Tiró el tallo al suelo y se dio media vuelta.
—Por cierto, cierra mejor esa puerta trasera. No todos los enemigos llevan corona o capa. Algunos solo observan y esperan el momento justo para arrancarte de raíz.
Se fue.
Sus pasos se desvanecieron como una tormenta que arrasa sin piedad ni remordimiento.
Caí de rodillas, las manos temblando, la garganta apretada por una rabia que ya no podía callar.
Entonces el viento trajo algo hacia mí.
Un papel.
Una nota.
Tres palabras.
Caligrafía perfecta.
Tinta negra, tan oscura como su alma.
“Esto fue un aviso.”
No firmada.
Pero no hacía falta.
Sabía perfectamente quién había enviado ese mensaje.

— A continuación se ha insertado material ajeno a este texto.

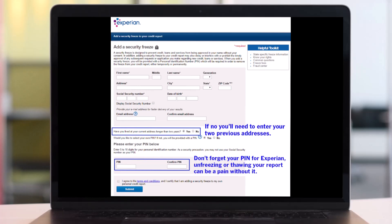If you moved within the past two years, you also have to provide up to two previous addresses. After you hit submit, Experian will process your request and freeze your credit report. And that's all it takes to go ahead and freeze your credit report on Experian.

Esta vez… no iba a quedarme callada.
–––
Destruyeron mi jardín.
No por accidente.
No por castigo divino.
Lo destruyeron por placer.
Por poder.
Por ver si aún me atrevía a sonreír después de que me arrebataran lo único que era realmente mío.
Fue un acto de guerra.
Y yo… en vez de llorar, florecí.
Ya no soy la niña de cabellos suaves que buscaba consuelo entre lirios blancos y cuentos rotos.
Esa murió la noche en que el mármol se quebró bajo las botas de un idiota con complejo de dios.
Ahora soy otra cosa.
Algo que no se cultiva.
Algo que no se toca sin sangrar.
Soy arte venenoso.
Soy belleza con colmillos.
Y esta vez, no vine a suplicar… vine a devorar.
–––
La venganza no se grita.
Eso lo hacen las niñas débiles.
Las mujeres como yo la susurran entre copas, la disuelven en caricias, la siembran bajo la piel de quien cree tener el control.
Por eso elegí a Dimitri Volkov.
El primo obediente.
El perro faldero de Vladimir.
Leal, torpe… y deliciosamente fácil de manejar.